> **What the task asks**: Below are entries; repeat exactly, and nothing else, the lines from the one holding "Black-headed Gull (Chroicocephalus" through the one holding "corgi puppies in", inclusive. Leave the pictures out.

(Given entries)

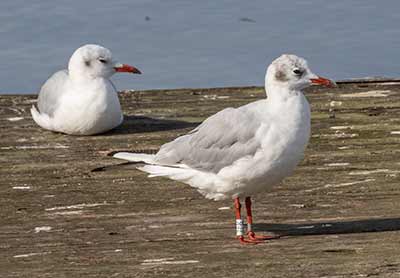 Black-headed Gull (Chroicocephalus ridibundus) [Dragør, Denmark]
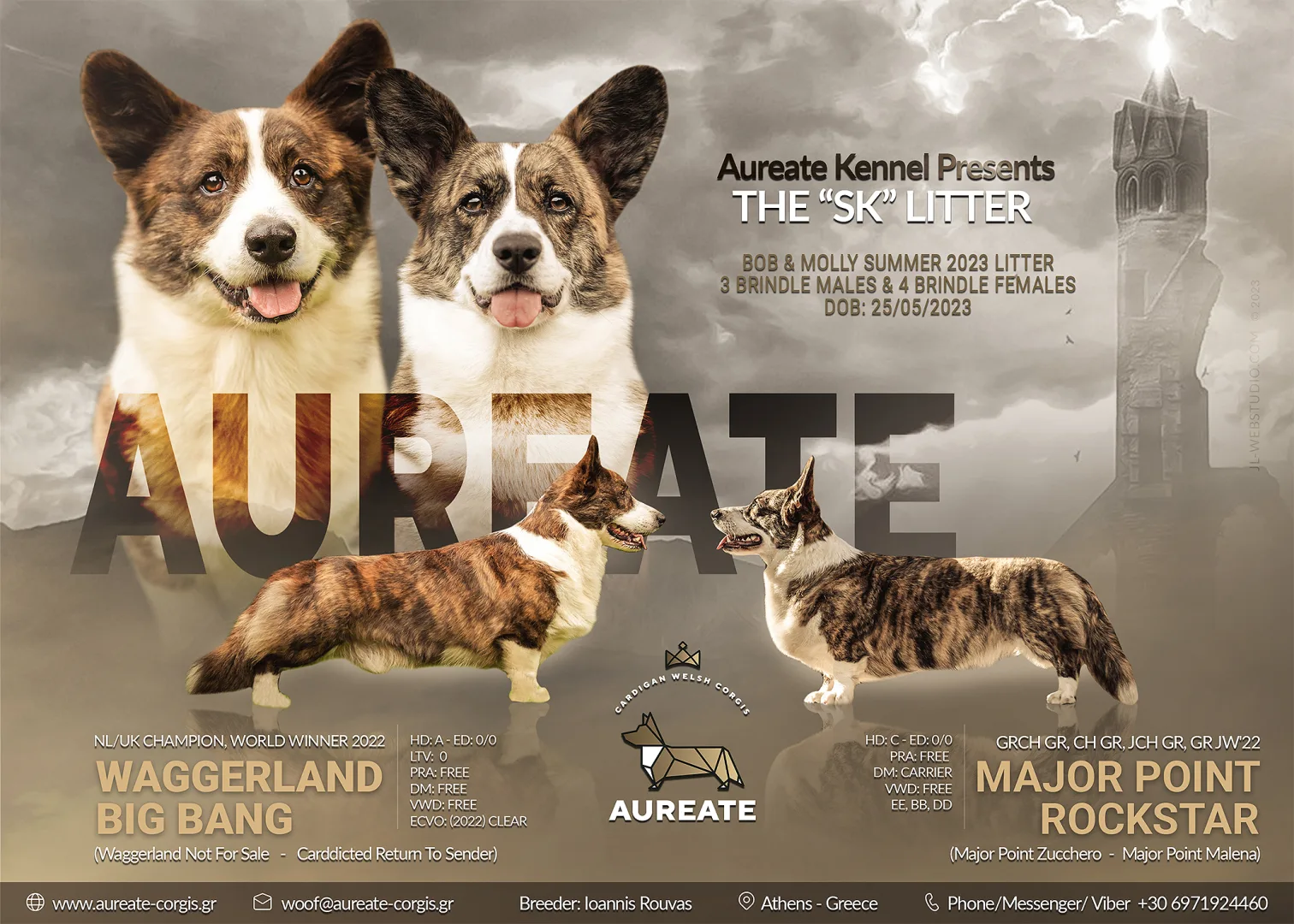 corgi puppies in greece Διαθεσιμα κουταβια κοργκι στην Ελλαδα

(End Given entries)
(Given entries)

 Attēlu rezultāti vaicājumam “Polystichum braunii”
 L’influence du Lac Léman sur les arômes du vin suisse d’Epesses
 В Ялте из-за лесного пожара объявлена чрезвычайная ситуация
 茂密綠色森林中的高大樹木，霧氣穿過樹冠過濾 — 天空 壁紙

(End Given entries)
(Given entries)

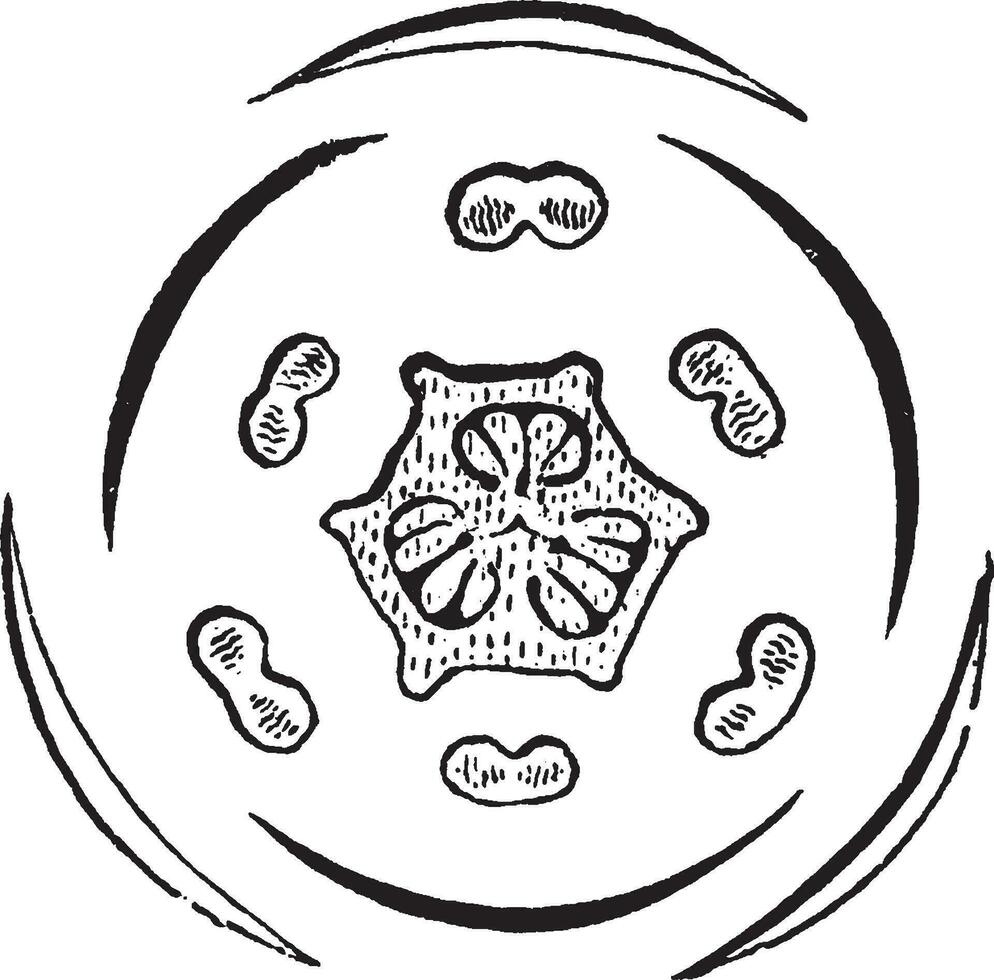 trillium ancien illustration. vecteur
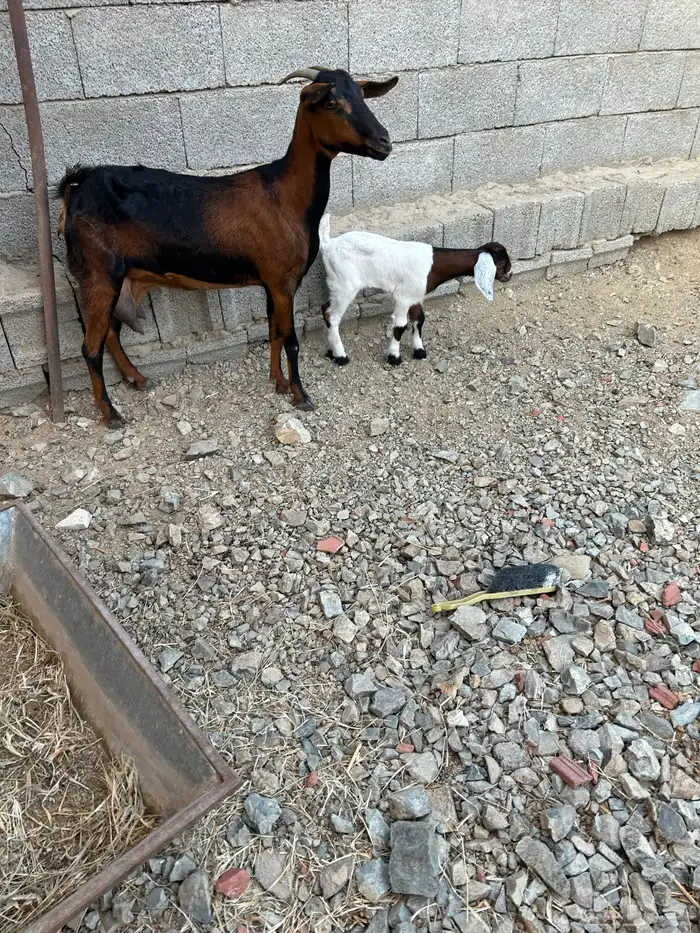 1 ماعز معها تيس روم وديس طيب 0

(End Given entries)

> **Answer**:
 Black-headed Gull (Chroicocephalus ridibundus) [Dragør, Denmark]
 corgi puppies in greece Διαθεσιμα κουταβια κοργκι στην Ελλαδα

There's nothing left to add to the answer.